__SOURCE DATA__:

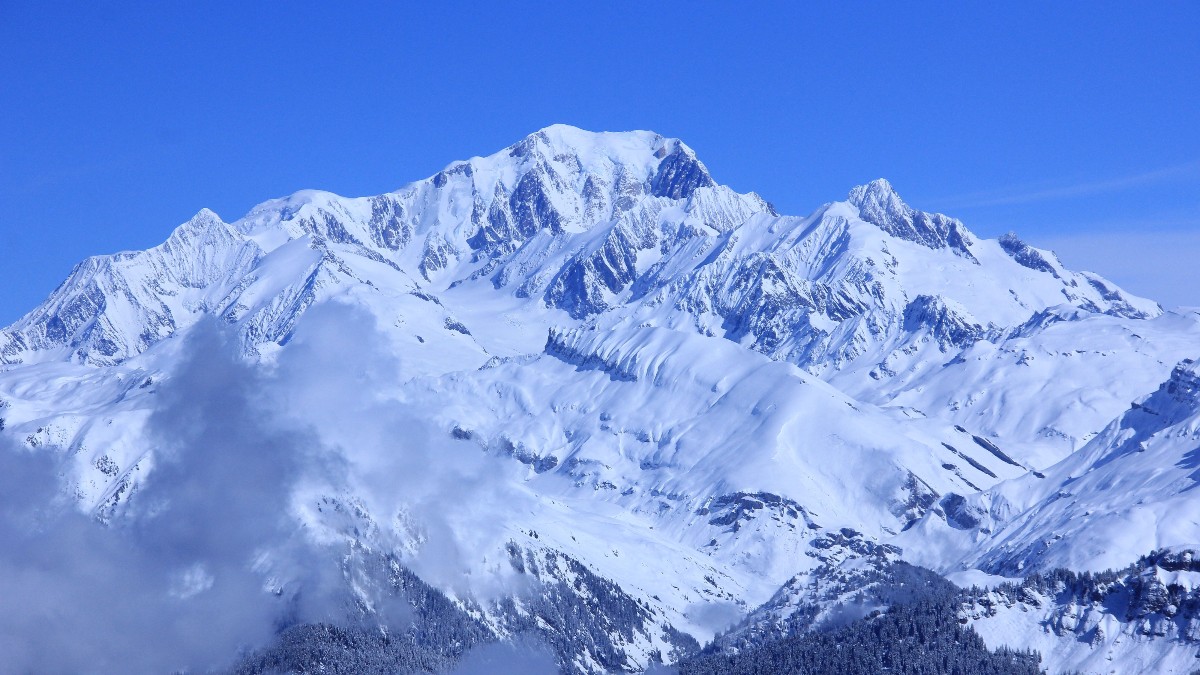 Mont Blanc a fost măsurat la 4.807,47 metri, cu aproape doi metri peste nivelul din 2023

--

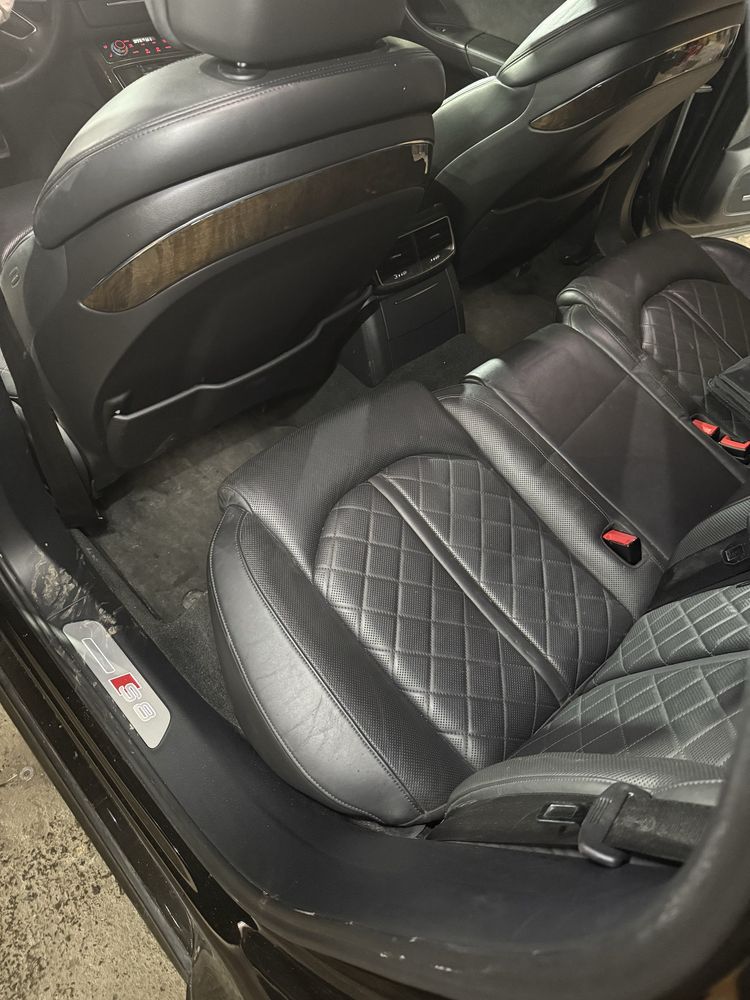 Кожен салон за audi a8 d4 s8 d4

==

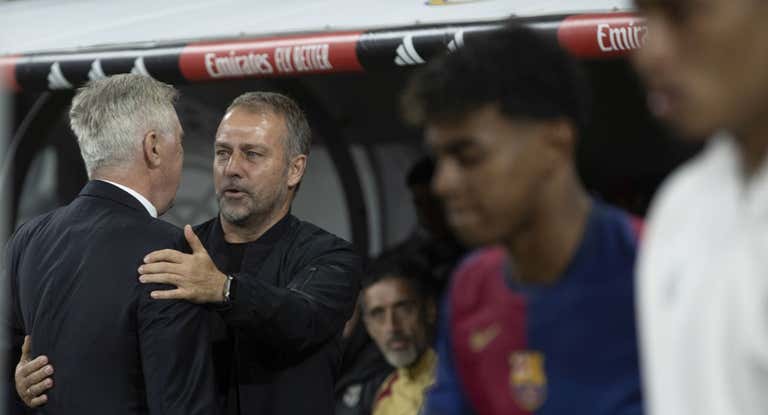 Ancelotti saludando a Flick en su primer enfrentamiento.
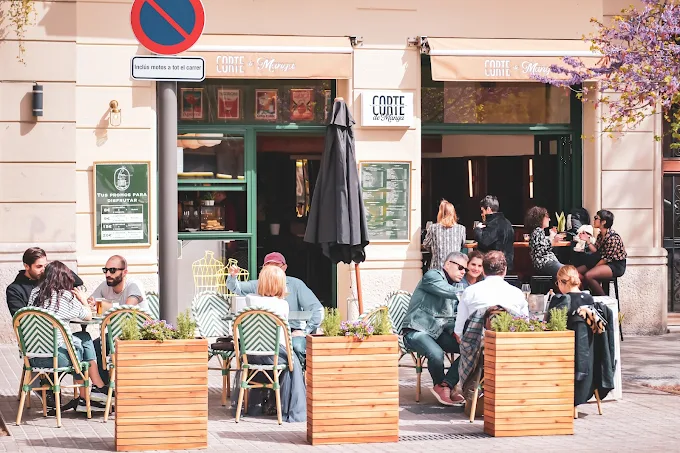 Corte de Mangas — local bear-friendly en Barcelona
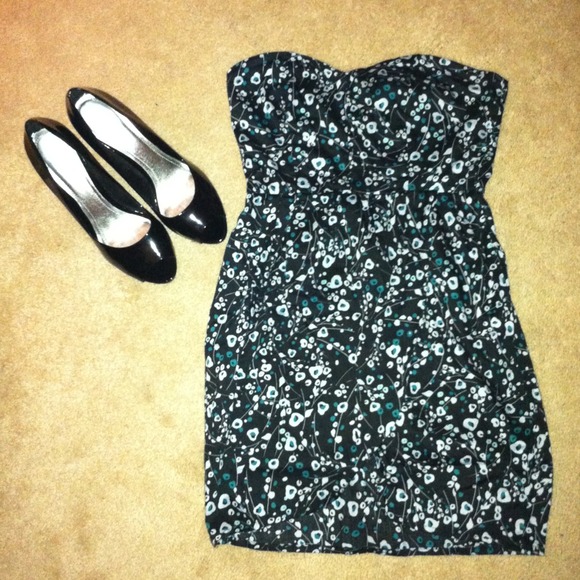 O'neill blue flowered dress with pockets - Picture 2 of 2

__YOUR OBJECTIVE__: Pictures in the material above should be skipped; print exactly the lines from the one with "Ancelotti saludando a" through the one with "O'neill blue flowered".

__TASK SOLUTION__:
 Ancelotti saludando a Flick en su primer enfrentamiento.
 Corte de Mangas — local bear-friendly en Barcelona
 O'neill blue flowered dress with pockets - Picture 2 of 2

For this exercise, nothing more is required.